O caldeirão da chefe

Sempre me pergunto de onde vem o meu gosto pela cozinha. 
Minha história com a gastronomia não tem esse começo nostálgico,
da criança que ficava na barra da saia, brincando com massinha de
pão, dos cheiros e sabores vividos na infância. Não sou dessas.

Foto: Nicolas Gondim

Queria ser, mas não sou. Na minha família, os poucos registros que
guardo são de minha avó Araci, fazendo o seu tão famoso arroz de
leite (salgado) e seu incrível bolo de maracujá de todos os
aniversários. A primeira receita é bem infantil, dessas que alimenta
onze crianças famintas e agrada a todas elas. E minha outra avó,
Teresinha, fazendo seu delicioso pudim de domingo. Minha mãe
nunca fez questão de ir pra cozinha, meu pai muito menos. Mas,
tudo na minha vida foi e é sempre assim, na verdade, acho que na
de todo mundo: o que eu não tenho de um jeito, tenho de outro.

Se não tive referências familiares, fui ganhando ao longo da vida. 
Pessoas que cruzaram meu caminho foram deixando marcas
profundas. Talvez nem saibam que me marcaram tanto… Mas seu
modo de cozinha, seus saberes, fizeram o meu e me transformaram
no que sou.
Vou acabar sendo injusta, mas mesmo assim, já pedindo
desculpas, citarei algumas pessoas responsáveis pelos valores que
adquiri ao longo de minha carreira.


Descobri, aos 27 anos, que minha mãe tinha um primo, nosso
grande Léo Gondim, meu primo segundo, que foi quem me
orientou. Devo a ele o caminho das pedras. Ele que, assim como
eu, teve na Gastronomia sua segunda graduação. Léo me
empurrou, me deu coragem pra mudar o rumo. Já dizia Leminski : “
Isso de querer ser exatamente aquilo que a gente é ainda vai nos
levar além.” Léo me ajudou a ir além.
Tive uma vizinha, uma mestre doceira, lá no sul do país, em Santa
Catarina, filha de outro mestre, que, por alguns momentos de minha

vida, foi minha amiga, minha mãe, minha professora, Célia Alves.
Com ela aprendi, não as técnicas da confeitaria clássica, mas
aquele tal ponto, aquele jeito, que só uma mestre-mãe sabe dar.
Aprendi a peneirar a farinha do bolo três vezes, o açúcar e o cacau
também. Aprendi o ponto da calda dos fios de ovos e o ponto exato
da geléia. Aprendi o que não tem nos livros. Ganhei precisão.

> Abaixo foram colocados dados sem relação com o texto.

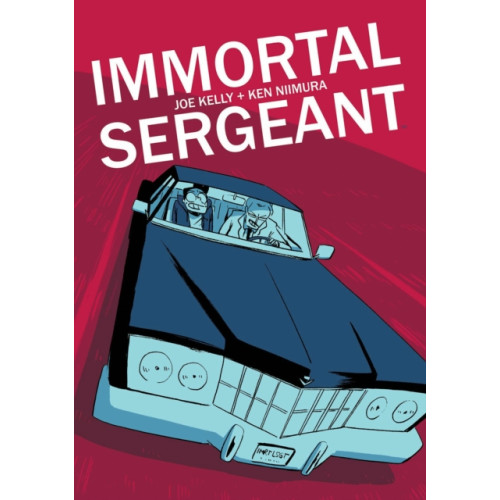 Image Comics Immortal Sergeant (häftad, eng)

Minha primeira chefe, Juliana Doin, cantava mantras enquanto eu
tremia na frente de duas frigideiras ao mesmo tempo. Só assim eu
fui capaz de perder o medo. Ela não cantava com esse propósito,
mas funcionou, e aqui estou. Ela me trouxe coragem.  
Tive professores que me marcaram profundamente a alma.
Professor Asdrúbal Senra, suas palavras, depois de tantos anos,
ainda ecoam em minha mente. Gabriela Guglielmone e suas
experiências mundo afora. Leila da Costa e suas oportunidades de
estágio por esse Brasil e quem sabe fora dele. Cacilda Vogel e
Andreia Pacher que me fizeram amar os doces. Luciana Bernardes
e suas técnicas clássicas, que são utilizadas uma a uma em minhas
cozinhas. Heiko Grabole e os encantos de sua cozinha
mediterrânea, que viraram a minha preferência. Todos estes
grandes me trouxeram sabedoria.


Chef Roland Villard e chef Dominique Guerin – RJ, me mostraram
disciplina, padrão e rigidez necessárias para se tocar uma cozinha
populosa.
D. Ida Maria e chef Giampieiro Giuliani, do Due Cuochi – SP, me
mostraram algo que eu desconhecia até chegar lá, no meio de
concorrências tão ferozes. Me ensinaram que quando se sabe
fazer, quando são os melhores e são seguros disso, o que lhe cabe

é a generosidade, o compartilhamento do saber, sem medo.
Aprendi. 
 Nossa prata da casa, nossa Mattu Macêdo, que me adotou como
quem acolhe um filho perdido, e me apadrinhou no mundo da
gastronomia cearense. Ela é meio madrinha, guia, professora. Essa
me deu casa, chão, firmeza, orientação.
Esse é o meu caldeirão. Aqui é onde acontecem as transformações,
tão necessárias na cozinha. Essas acontecem dentro de mim. É a
farinha que mistura com a manteiga, os ovos, o leite, o fermento, as
claras em neve e vira um bolo bem fofo, como o de maracujá da Vó
Araci!

E, por falar nela, já que no frigir dos ovos, o que nos importa mesmo
são as pessoas. Ela, que era de poucas e simples, mas marcantes
receitas. Com ela entendi a simplicidade. Senti que as vezes é só disso que a gente precisa e o que a gente quer. Nada mais. Mas

sabe por que suas poucas receitas eram marcantes? Pela intenção
com que eram feitas. O desejo pelo servir, acolher. Ninguém era tão
agregadora.
Deixo aqui os segredos de seus filhos e netinhos felizes, seu arroz
de leite, bem cremoso. Eu comia quando era criança, e hoje, eu que

eu faço para minha filha. Então, aconselho, é receita de mãe.
Agrada e alimenta. Com ovo então, a criançada pira.

Arroz de leite da Vó Araci 

1 xíc. de arroz branco
1 xíc. de água 
4 xíc. de leite integral (quanto mais gordo, melhor)

Sal
1 colher de sopa de manteiga

Foto: Arquivo Pessoal

Modo de preparo

Coloque o arroz na panela com a xícara de água, o sal, mexa e
tampe. Não lave o arroz. Quando a água secar, vá adicionando o
leite e mexendo sempre (esse é o segredo), para que o arroz libere
todo o seu amido e fique bem cremoso. Quando estiver com o grão
já cozido, apague o fogo e acrescente a manteiga gelada. 
Mexa bem até que derreta.
Sirva imediatamente. Caso  necessite, adicione mais leite. 
Pode ser servido com carne, carne do sol, frango, suíno ou ovo. Eu
amava quando a voinha o fazia com carne bem fritinha. 

  • A manteiga é firula minha, confesso. Quis só fazer uma graça.
  • Porque sou a louca da manteiga mesmo.